Beginning with the line that holds "A mini set of" and ending with the last line of the entries, please output each line exactly, apart from any pictures.

Segment Start: Records for this exercise

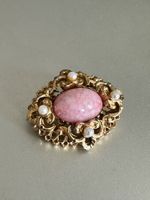 Vintage Brosche mit Rosa Stein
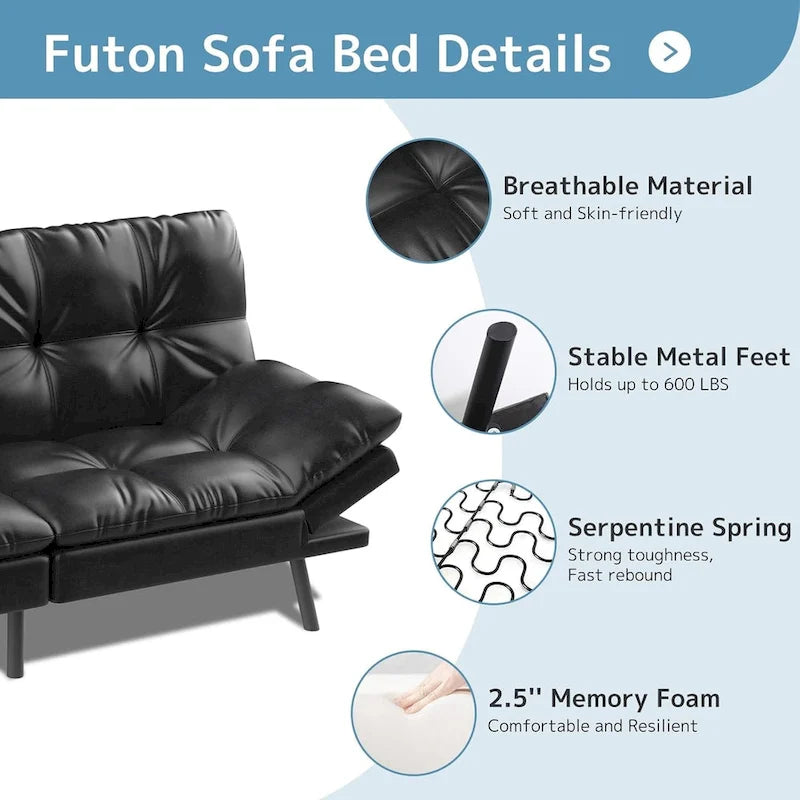 Futon Sofa Bed Memory Foam Couch Sleeper Daybed Foldable Convertible Loveseat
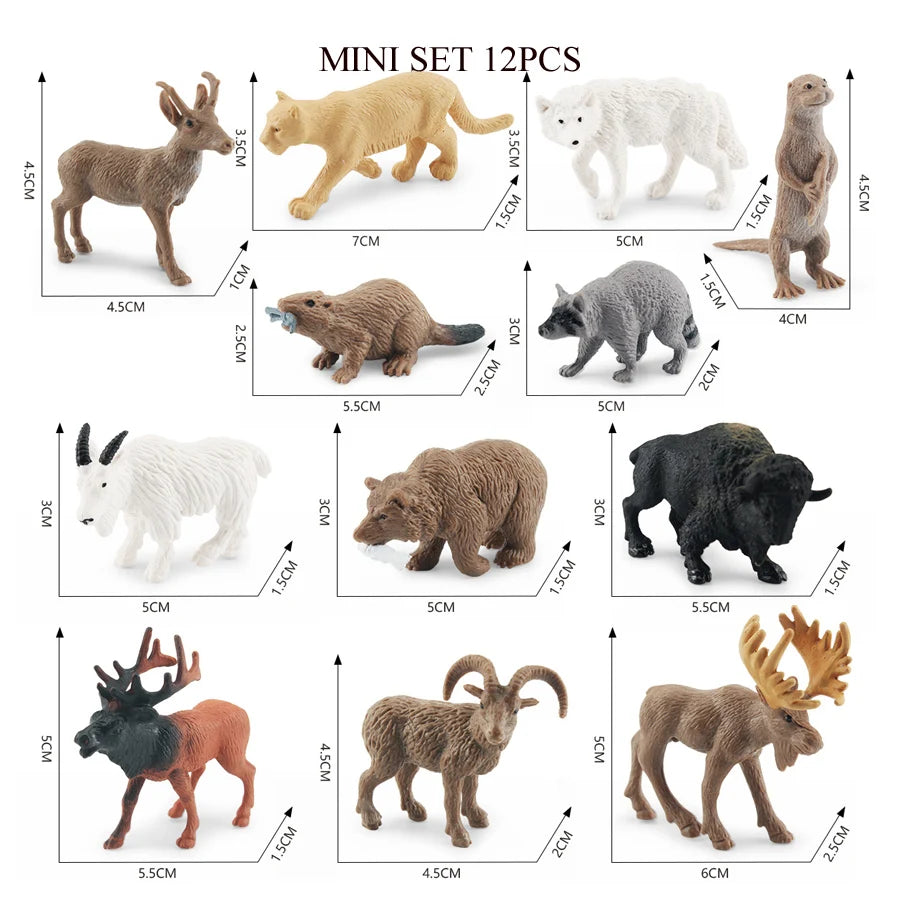 A mini set of 12 realistic animal figurines including a deer, a lion, a bear, a wolf, and other wildlife creatures.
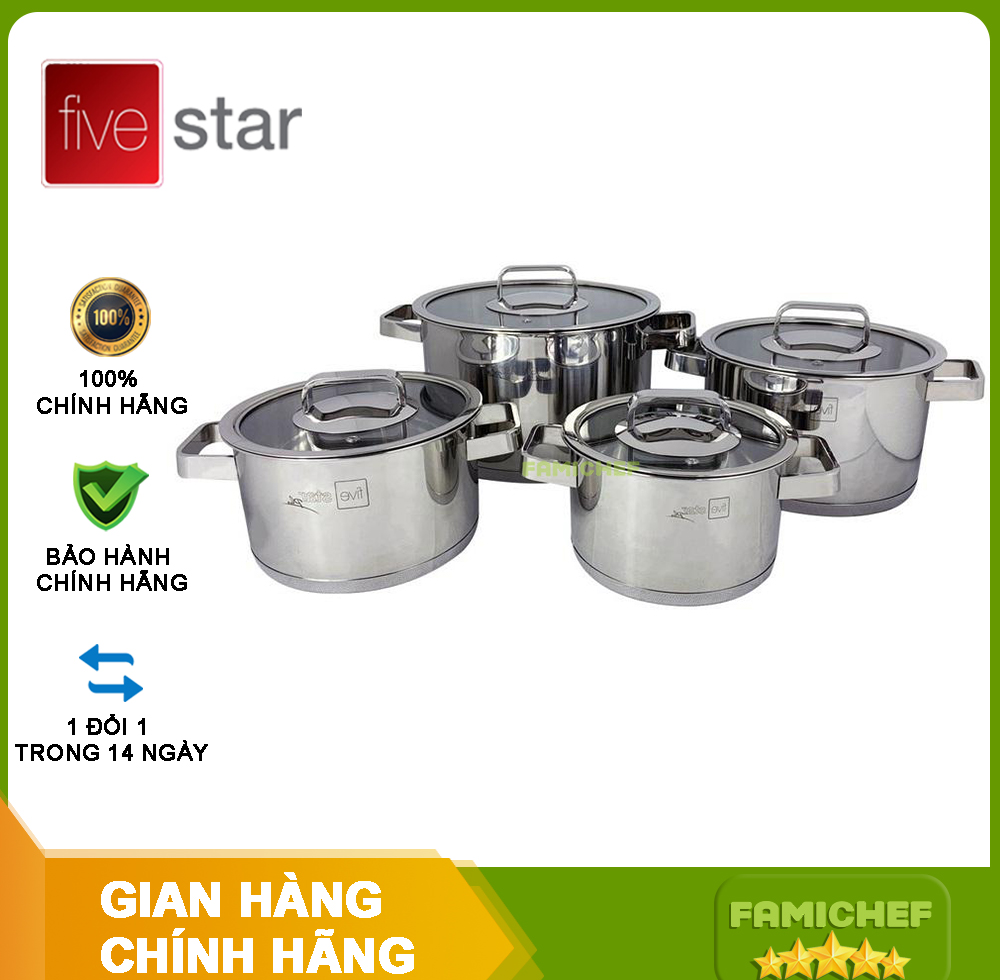 BỘ 4 NỒI INOX FIVESTAR FS08NKB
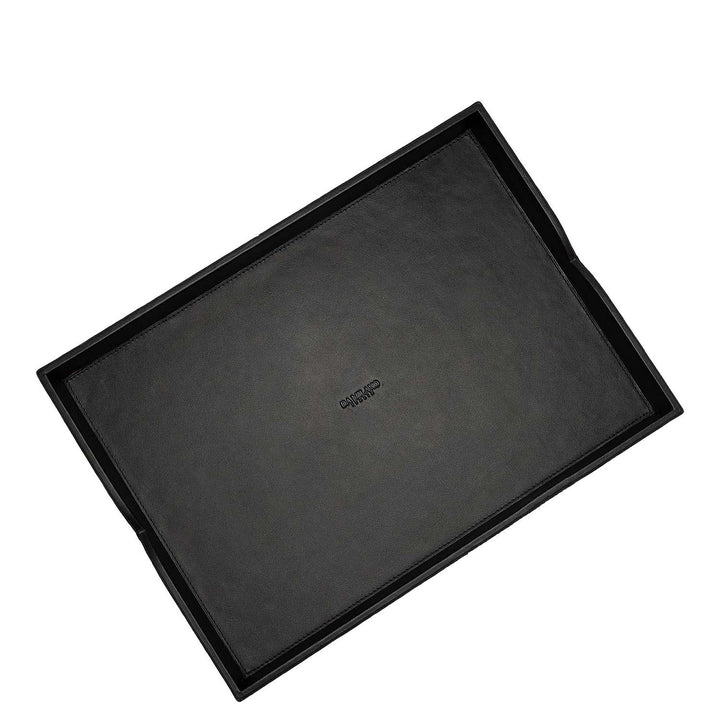 Small Ostrich Leather Tray - Black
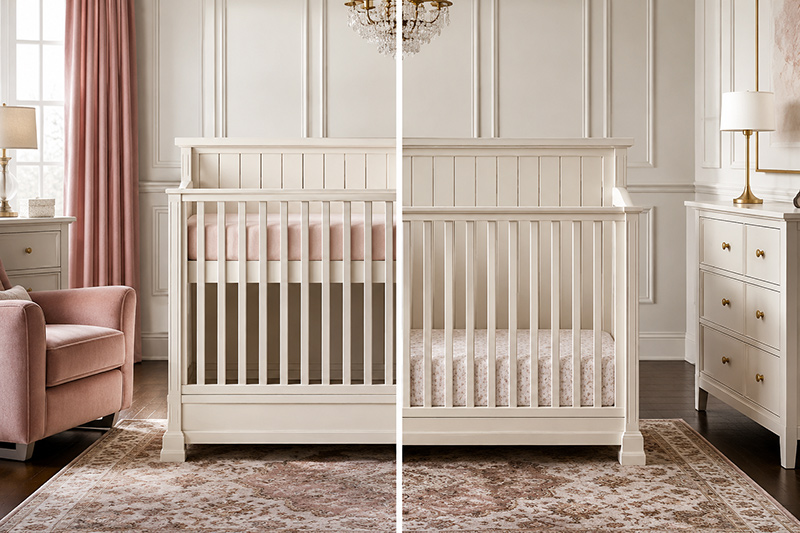 Crib mattress height adjustment showing high and low crib mattress settings for different baby stages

Segment End: Records for this exercise

◆ Solution for this problem ◆
 A mini set of 12 realistic animal figurines including a deer, a lion, a bear, a wolf, and other wildlife creatures.
 BỘ 4 NỒI INOX FIVESTAR FS08NKB
 Small Ostrich Leather Tray - Black
 Crib mattress height adjustment showing high and low crib mattress settings for different baby stages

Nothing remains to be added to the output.